The summer sport of '95

badminton serve
The high school gym in our little town would open its doors during the weekends but in summer, they would be open six days a week. It made for low gym prices for the adults and a way to get us kids off the street and away from being square-eye addicted to our video games.

Some afternoons, my dad got to work from his office at home. He used to sit me down and say, "It pays to be your own boss!" and still does. These days though, as my own boss, I point out that he'd say that because he could meet up with his pals for some racquet sports and chill. It worked out for me because then, I could go along and play it too.

One day I would be on his team, the next I would be on the opposite side, but I was good, and he and my mom always knew what to gift me: Various colored badminton rackets. I lived for them; teal, purple, and baby pink. I don't think I ever stopped loving badminton. It just started getting harder to make time and it faded out during the fall only to return the next summer with fervor.

The Summer Sport of '95

The basic rules of badminton are as follows:
1-3) There are no rules.

Technically, yeah, there are rules, but I don't know or care for them. To me, if you miss hitting the shuttlecock back over the net, then your opponent gets the point. Think tennis with no end. Once you get into a routine of hitting it back and forth between two or four people, it becomes muscle memory.
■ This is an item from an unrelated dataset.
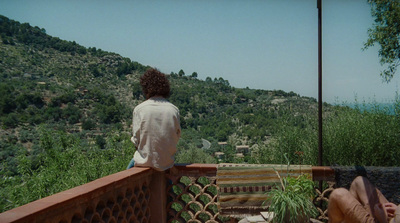 a person sitting on a balcony overlooking a valley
There is no thinking, it's all simply doing.

Tennis can get loud. These days when I head to the gym, if there are people on the squash courts or the indoor tennis courts, you hear them grunting. It's as if they are pulling a truck. Unsure as to which tennis player did it first, but I swear watching TV when I was younger, they didn't. Well, the casual players have caught up to it. Nobody told them it's cool to make those noises when you're intimate with somebody but not there, not on the court. God forbid.

Badminton has soft sounds. The light thud of rubber shuttlecock against the webbing of the racket is one of this world's greatest, unsampled sounds. Even the click of the thin plastic before it hits the ground is great. It's just relaxing. Maybe it helps with my circadian rhythms or something but whatever it is, calms me down in a heartbeat.

Badminton in High School

Racquet sports were a better alternative to the hell that was Phys Ed. Phys Ed. was not my bag. I wasn't a runner or a soccer player or a basketball player, and at 219lbs of anti-muscle, I sure as all hell was no gymnast. On the days the teacher would put aside for trampolines and handstands, he'd always have us set up some mats and a net at the other end of the gym. He'd do that and send us kids who hated his class over to the net. It was an understanding. Made it easier for all parties, and it gave more credit to the girl who could do three backflips before landing perfectly, two feet on the ground.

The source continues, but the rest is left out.